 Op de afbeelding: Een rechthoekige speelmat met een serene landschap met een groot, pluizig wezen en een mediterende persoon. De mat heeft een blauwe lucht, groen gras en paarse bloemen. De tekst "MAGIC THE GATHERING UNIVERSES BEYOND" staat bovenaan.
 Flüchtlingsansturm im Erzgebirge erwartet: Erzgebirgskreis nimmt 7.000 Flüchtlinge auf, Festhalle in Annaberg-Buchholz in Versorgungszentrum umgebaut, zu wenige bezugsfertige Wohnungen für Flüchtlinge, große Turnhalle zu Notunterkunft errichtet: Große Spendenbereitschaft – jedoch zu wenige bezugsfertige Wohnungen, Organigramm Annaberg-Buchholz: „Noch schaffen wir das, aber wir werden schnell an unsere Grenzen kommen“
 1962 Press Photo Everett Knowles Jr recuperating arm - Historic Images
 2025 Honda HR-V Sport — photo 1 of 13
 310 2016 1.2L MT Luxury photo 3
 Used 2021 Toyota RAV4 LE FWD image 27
---
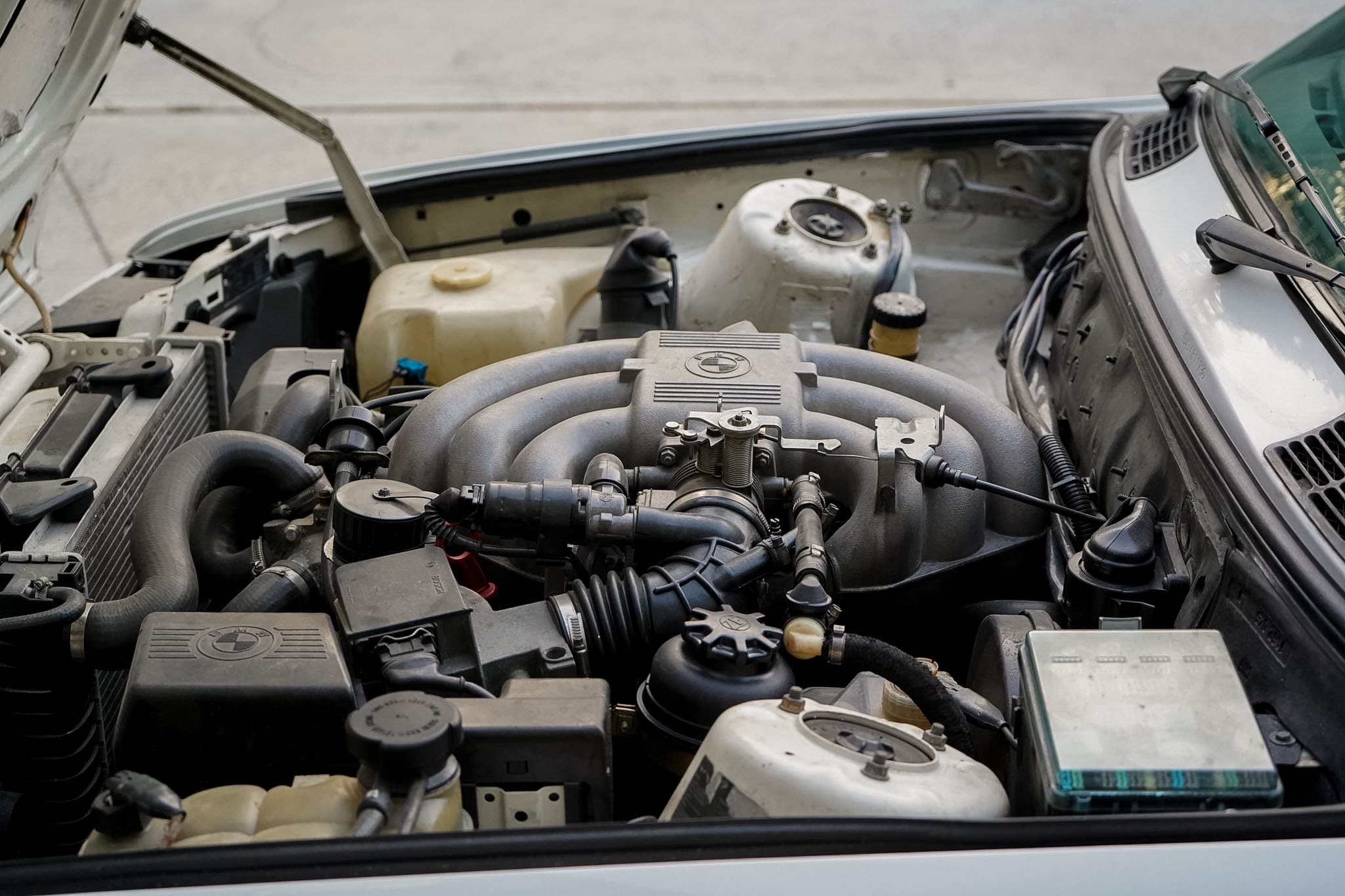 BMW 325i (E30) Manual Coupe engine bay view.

Problem requirements:
In your answer, include only the lines above starting at the line that holds "310 2016 1.2L MT Luxury photo 3" and ending at the line that holds "Used 2021 Toyota RAV4 LE FWD image 27", copied exactly.

Solution:
 310 2016 1.2L MT Luxury photo 3
 Used 2021 Toyota RAV4 LE FWD image 27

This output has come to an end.